→ **What is required**:
Look through the data below for the line with "Image #4 - Shyanne", and transcribe it exactly together with each line after it up to and including the line with "Fisher Praline Pecans, 5.5". Give nothing else.
• • • • • • •
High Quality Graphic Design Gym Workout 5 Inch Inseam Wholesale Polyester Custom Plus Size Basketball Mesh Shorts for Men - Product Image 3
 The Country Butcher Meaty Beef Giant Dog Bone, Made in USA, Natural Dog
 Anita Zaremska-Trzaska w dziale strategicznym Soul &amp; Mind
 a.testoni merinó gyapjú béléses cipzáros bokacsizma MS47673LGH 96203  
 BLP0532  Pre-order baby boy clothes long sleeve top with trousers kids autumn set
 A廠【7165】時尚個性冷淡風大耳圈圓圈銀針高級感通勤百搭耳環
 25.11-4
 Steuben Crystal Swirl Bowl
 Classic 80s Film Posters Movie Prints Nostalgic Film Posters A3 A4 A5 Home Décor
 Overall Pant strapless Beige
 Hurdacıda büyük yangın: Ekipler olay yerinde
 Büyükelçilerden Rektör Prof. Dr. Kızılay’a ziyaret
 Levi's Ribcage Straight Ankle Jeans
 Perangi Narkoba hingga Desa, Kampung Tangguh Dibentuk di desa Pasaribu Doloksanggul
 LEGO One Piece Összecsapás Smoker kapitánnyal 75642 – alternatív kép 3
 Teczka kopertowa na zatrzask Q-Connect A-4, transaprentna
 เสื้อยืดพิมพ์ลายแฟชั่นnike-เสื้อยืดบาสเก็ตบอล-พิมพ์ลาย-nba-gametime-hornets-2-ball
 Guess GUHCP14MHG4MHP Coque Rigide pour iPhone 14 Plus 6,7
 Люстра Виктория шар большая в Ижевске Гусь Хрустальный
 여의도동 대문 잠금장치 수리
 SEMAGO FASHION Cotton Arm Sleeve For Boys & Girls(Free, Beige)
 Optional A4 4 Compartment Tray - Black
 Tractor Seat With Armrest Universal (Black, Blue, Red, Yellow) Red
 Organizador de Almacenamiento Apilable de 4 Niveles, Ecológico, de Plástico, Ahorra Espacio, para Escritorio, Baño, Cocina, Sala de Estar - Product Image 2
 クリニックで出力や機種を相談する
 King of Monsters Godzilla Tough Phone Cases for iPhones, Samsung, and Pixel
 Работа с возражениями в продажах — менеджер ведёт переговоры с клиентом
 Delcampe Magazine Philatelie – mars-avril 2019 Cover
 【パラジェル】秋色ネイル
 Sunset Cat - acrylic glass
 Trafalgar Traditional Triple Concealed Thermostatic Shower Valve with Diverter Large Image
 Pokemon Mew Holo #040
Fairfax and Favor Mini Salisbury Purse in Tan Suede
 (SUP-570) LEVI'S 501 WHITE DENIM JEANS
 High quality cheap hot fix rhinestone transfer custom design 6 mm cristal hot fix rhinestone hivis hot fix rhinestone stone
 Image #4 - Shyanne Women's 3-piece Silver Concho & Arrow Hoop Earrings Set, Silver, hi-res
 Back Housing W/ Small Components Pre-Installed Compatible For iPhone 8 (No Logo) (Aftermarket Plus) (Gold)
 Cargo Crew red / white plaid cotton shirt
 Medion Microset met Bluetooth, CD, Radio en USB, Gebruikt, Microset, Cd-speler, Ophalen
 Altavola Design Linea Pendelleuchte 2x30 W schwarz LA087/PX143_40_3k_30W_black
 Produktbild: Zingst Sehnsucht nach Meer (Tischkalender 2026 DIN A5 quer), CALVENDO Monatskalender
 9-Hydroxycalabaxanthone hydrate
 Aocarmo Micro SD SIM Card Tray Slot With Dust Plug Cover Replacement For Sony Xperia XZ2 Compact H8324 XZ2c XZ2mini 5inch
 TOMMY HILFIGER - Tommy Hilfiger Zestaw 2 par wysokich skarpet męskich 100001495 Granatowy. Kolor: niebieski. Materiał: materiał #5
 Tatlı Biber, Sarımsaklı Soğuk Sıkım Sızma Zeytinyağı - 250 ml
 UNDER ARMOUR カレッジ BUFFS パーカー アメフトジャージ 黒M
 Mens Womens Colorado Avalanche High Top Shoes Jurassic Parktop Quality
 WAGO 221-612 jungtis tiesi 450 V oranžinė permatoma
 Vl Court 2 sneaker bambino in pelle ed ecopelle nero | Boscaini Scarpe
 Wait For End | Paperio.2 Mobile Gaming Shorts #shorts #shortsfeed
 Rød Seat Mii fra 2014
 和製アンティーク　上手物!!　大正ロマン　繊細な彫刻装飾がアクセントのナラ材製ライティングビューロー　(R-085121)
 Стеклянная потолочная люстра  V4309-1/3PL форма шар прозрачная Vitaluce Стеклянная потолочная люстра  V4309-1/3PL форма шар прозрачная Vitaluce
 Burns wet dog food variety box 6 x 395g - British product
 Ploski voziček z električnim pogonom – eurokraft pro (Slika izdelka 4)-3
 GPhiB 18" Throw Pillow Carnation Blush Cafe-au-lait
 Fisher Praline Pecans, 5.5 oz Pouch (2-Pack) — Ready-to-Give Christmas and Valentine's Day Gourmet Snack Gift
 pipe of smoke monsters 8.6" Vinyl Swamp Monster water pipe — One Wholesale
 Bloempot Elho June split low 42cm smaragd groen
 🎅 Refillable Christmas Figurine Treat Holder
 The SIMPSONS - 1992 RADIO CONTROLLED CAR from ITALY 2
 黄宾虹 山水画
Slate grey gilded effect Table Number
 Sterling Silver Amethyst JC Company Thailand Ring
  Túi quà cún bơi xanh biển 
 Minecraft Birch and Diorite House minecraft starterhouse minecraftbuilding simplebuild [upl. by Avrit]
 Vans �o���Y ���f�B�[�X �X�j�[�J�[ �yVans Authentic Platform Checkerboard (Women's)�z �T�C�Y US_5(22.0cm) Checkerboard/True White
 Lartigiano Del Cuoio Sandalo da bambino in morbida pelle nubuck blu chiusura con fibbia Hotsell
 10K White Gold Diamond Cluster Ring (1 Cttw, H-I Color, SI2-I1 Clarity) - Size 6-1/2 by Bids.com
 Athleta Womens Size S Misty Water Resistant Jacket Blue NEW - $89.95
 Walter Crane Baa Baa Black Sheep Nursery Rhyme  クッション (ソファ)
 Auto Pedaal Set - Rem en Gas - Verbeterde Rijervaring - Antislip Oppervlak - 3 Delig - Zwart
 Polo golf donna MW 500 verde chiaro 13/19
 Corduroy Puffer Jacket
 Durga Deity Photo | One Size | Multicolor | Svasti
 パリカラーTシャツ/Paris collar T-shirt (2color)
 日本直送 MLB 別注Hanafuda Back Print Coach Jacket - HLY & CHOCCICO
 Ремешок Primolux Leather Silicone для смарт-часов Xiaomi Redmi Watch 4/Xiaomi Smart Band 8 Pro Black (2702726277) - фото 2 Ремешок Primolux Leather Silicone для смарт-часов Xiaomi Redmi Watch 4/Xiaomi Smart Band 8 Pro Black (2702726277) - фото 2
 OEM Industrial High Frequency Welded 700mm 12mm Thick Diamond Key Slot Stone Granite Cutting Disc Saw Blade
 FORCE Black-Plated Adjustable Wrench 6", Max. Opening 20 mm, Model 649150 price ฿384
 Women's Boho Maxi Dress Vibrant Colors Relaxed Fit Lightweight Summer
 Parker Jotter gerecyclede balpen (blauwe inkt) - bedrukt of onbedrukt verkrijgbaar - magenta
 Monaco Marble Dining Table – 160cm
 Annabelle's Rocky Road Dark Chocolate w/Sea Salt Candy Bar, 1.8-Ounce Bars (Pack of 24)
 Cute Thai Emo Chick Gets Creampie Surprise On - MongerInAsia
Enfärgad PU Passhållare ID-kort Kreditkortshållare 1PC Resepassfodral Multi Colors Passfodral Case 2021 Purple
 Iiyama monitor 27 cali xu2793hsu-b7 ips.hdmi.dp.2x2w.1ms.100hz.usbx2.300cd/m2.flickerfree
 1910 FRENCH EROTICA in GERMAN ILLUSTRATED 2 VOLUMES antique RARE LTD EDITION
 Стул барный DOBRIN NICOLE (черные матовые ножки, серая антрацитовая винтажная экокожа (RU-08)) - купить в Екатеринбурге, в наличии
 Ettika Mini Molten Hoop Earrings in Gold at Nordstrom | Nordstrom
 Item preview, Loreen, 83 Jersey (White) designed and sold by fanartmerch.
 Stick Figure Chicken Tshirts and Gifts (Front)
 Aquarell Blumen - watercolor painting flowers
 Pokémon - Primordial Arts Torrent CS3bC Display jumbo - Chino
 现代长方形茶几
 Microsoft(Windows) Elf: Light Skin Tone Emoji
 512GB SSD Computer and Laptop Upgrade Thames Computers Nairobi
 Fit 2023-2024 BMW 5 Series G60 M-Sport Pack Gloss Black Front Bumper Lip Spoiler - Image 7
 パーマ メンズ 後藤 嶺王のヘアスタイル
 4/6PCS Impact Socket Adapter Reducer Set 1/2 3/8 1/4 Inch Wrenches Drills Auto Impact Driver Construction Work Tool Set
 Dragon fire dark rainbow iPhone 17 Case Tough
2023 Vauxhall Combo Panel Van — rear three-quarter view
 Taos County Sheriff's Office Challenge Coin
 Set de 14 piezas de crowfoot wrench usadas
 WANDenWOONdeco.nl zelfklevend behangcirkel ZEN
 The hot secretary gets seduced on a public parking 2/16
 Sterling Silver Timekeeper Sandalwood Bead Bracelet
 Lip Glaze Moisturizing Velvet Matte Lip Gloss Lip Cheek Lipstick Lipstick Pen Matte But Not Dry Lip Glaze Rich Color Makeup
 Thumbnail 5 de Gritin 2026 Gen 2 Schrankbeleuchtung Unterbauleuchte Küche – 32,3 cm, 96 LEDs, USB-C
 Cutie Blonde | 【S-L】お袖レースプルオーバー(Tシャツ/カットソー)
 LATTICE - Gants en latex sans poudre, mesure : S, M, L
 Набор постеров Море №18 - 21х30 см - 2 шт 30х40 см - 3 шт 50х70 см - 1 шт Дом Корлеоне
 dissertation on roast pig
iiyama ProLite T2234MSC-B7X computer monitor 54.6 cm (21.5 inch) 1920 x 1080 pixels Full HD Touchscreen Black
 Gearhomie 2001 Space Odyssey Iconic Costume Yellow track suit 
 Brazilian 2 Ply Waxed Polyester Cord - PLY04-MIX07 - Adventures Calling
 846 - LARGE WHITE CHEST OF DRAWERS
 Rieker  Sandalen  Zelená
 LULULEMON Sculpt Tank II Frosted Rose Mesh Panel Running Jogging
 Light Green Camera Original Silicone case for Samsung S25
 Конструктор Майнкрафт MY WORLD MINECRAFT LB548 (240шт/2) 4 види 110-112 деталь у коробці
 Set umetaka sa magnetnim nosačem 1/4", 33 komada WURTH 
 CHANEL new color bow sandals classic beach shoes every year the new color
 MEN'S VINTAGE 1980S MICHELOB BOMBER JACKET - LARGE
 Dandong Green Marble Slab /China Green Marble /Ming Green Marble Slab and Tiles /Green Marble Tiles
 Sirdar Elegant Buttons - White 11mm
• • • • • • •
→ **Output**:
 Image #4 - Shyanne Women's 3-piece Silver Concho & Arrow Hoop Earrings Set, Silver, hi-res
 Back Housing W/ Small Components Pre-Installed Compatible For iPhone 8 (No Logo) (Aftermarket Plus) (Gold)
 Cargo Crew red / white plaid cotton shirt
 Medion Microset met Bluetooth, CD, Radio en USB, Gebruikt, Microset, Cd-speler, Ophalen
 Altavola Design Linea Pendelleuchte 2x30 W schwarz LA087/PX143_40_3k_30W_black
 Produktbild: Zingst Sehnsucht nach Meer (Tischkalender 2026 DIN A5 quer), CALVENDO Monatskalender
 9-Hydroxycalabaxanthone hydrate
 Aocarmo Micro SD SIM Card Tray Slot With Dust Plug Cover Replacement For Sony Xperia XZ2 Compact H8324 XZ2c XZ2mini 5inch
 TOMMY HILFIGER - Tommy Hilfiger Zestaw 2 par wysokich skarpet męskich 100001495 Granatowy. Kolor: niebieski. Materiał: materiał #5
 Tatlı Biber, Sarımsaklı Soğuk Sıkım Sızma Zeytinyağı - 250 ml
 UNDER ARMOUR カレッジ BUFFS パーカー アメフトジャージ 黒M
 Mens Womens Colorado Avalanche High Top Shoes Jurassic Parktop Quality
 WAGO 221-612 jungtis tiesi 450 V oranžinė permatoma
 Vl Court 2 sneaker bambino in pelle ed ecopelle nero | Boscaini Scarpe
 Wait For End | Paperio.2 Mobile Gaming Shorts #shorts #shortsfeed
 Rød Seat Mii fra 2014
 和製アンティーク　上手物!!　大正ロマン　繊細な彫刻装飾がアクセントのナラ材製ライティングビューロー　(R-085121)
 Стеклянная потолочная люстра  V4309-1/3PL форма шар прозрачная Vitaluce Стеклянная потолочная люстра  V4309-1/3PL форма шар прозрачная Vitaluce
 Burns wet dog food variety box 6 x 395g - British product
 Ploski voziček z električnim pogonom – eurokraft pro (Slika izdelka 4)-3
 GPhiB 18" Throw Pillow Carnation Blush Cafe-au-lait
 Fisher Praline Pecans, 5.5 oz Pouch (2-Pack) — Ready-to-Give Christmas and Valentine's Day Gourmet Snack Gift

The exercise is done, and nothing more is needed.